South of the equator, Africa’s climates are something of a mirror image of the north. A tropical wet/dry climate is found between 5°S and 10°S latitude. The wet and dry periods on the calendar are the opposite of the Sahel. The rainy season occurs from October to May, and is caused by the southward shift of the ITCZ. The dry season occurs from May to October, and is caused by the northward shift of southern Africa’s subtropical high. Like the Sahel, this area is covered by savanna, with tree cover decreasing toward the South. Southern Africa’s subtropical high creates desert and steppe climates between 10°S and 30°S latitude, including the semi-arid Kalahari, and the extremely dry Namib Desert. Namibia is especially dry because of the chilly Benguela current that runs along the coast. The cold water chills air masses that pass over it, causing them to lose moisture over the sea. The southern coast of South Africa is home to a Mediterranean climate. From October to May, the subtropical sinks over the southern tip of the continent, and the summers are virtually rainless.

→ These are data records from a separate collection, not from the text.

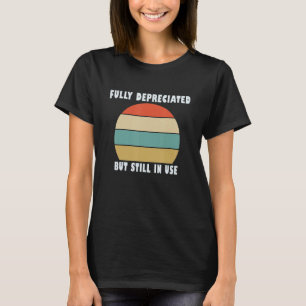 Camiseta Citação Contabilística Engraçada Totalmente Deprec
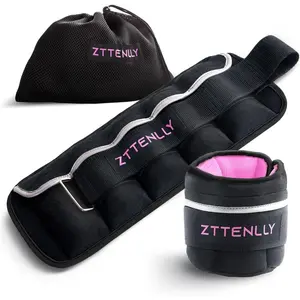 Adjustable Ankle Weights 1-5/10/15/20LBS Pair with Carry Bag - Breathable Fabrics, Reflective Trim - Strength Training Leg Wrist Arm Ankle Walking Weights Sets for Women Men Kids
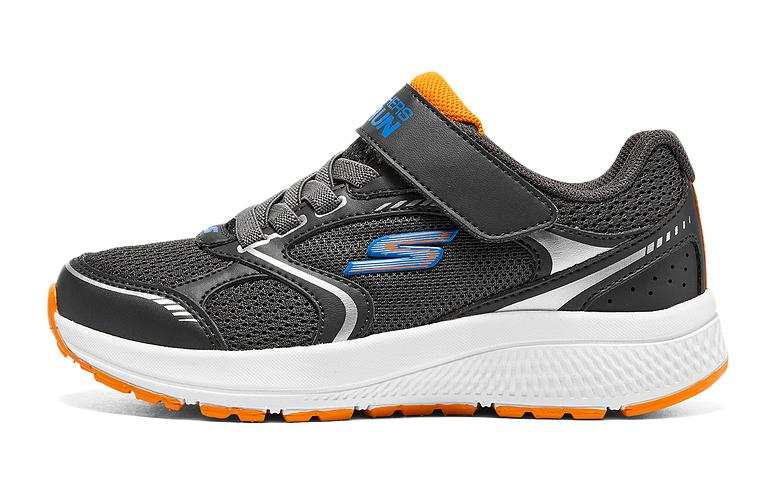 Skechers Mesh Low top Kids' Running Shoes Black Orange Teenagers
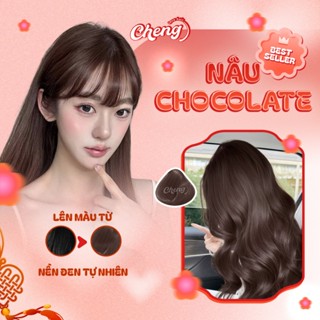 Thuốc Nhuộm Tóc Màu NÂU SOCOLA - NÂU CHOCOLATE Không Tẩy | Chenglovehair, Chenglovehairs
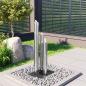 Preview: ARDEBO.de - Gartenbrunnen Silbern 48x34x88 cm Edelstahl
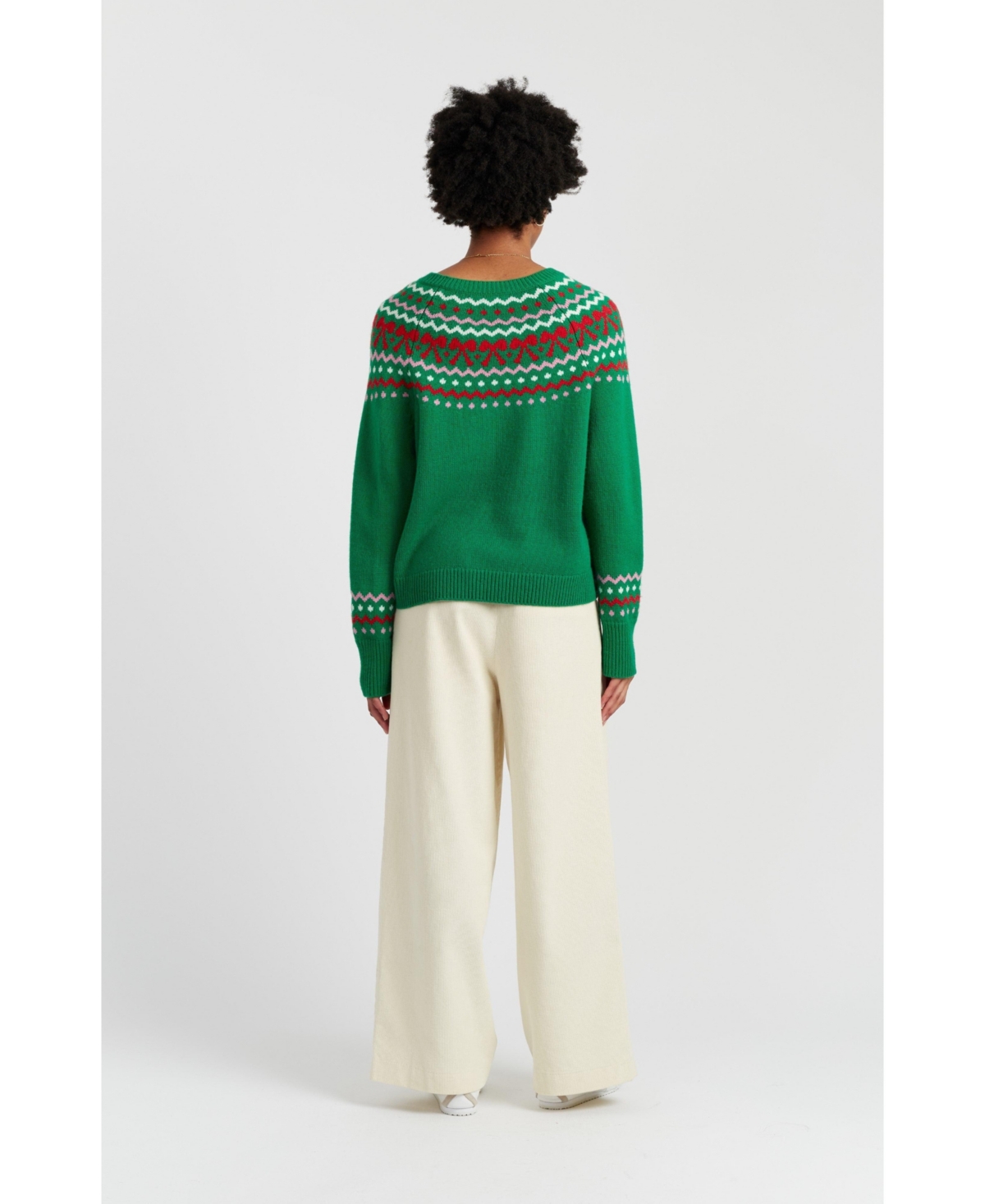 Chinti & Parker Women's Wool-Cashmere Bow Fairisle Sweater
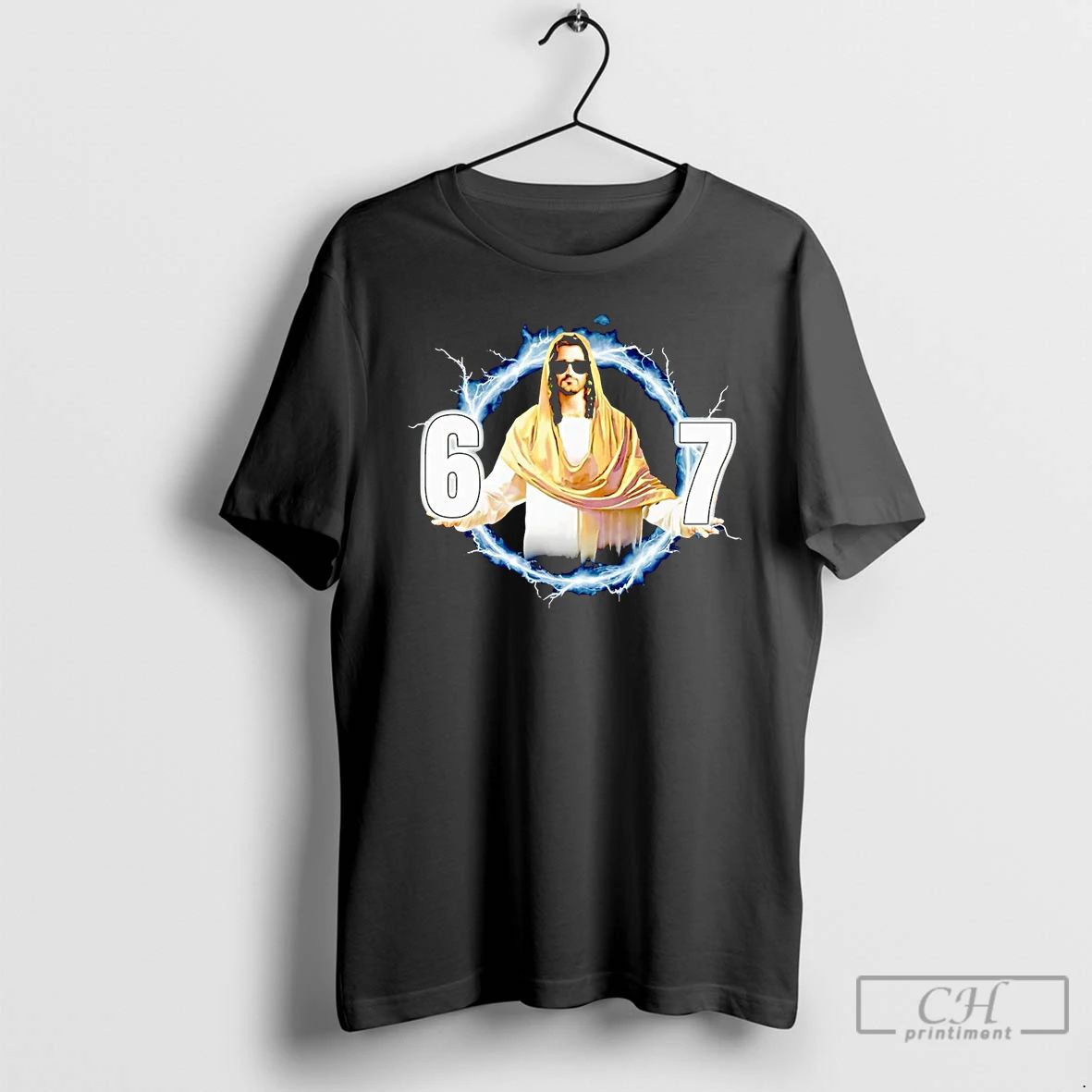Premium Jesus 67 Lightning T Shirts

In the wintertime (May to October in the southern hemisphere), the westerlies shift north, bringing precipitation in from the Atlantic Ocean.

Some of Africa’s climates create challenging conditions for the people who live there. In many areas, the region’s climates reduce the quality of the soils, which in turn reduces agricultural productivity. Soils lose fertility quickly in warm, wet environments. Organic materials decay rapidly in tropical heat, and the heavy rainfall then leaches those nutrients from the soil. Soils in warm dry environments lack organic material to begin with. Areas with fertile soils tend to have extremely high population densities, such as wet/dry climates, the floodplains of major rivers, and the fertile volcanic soils of the Great Rift Valley.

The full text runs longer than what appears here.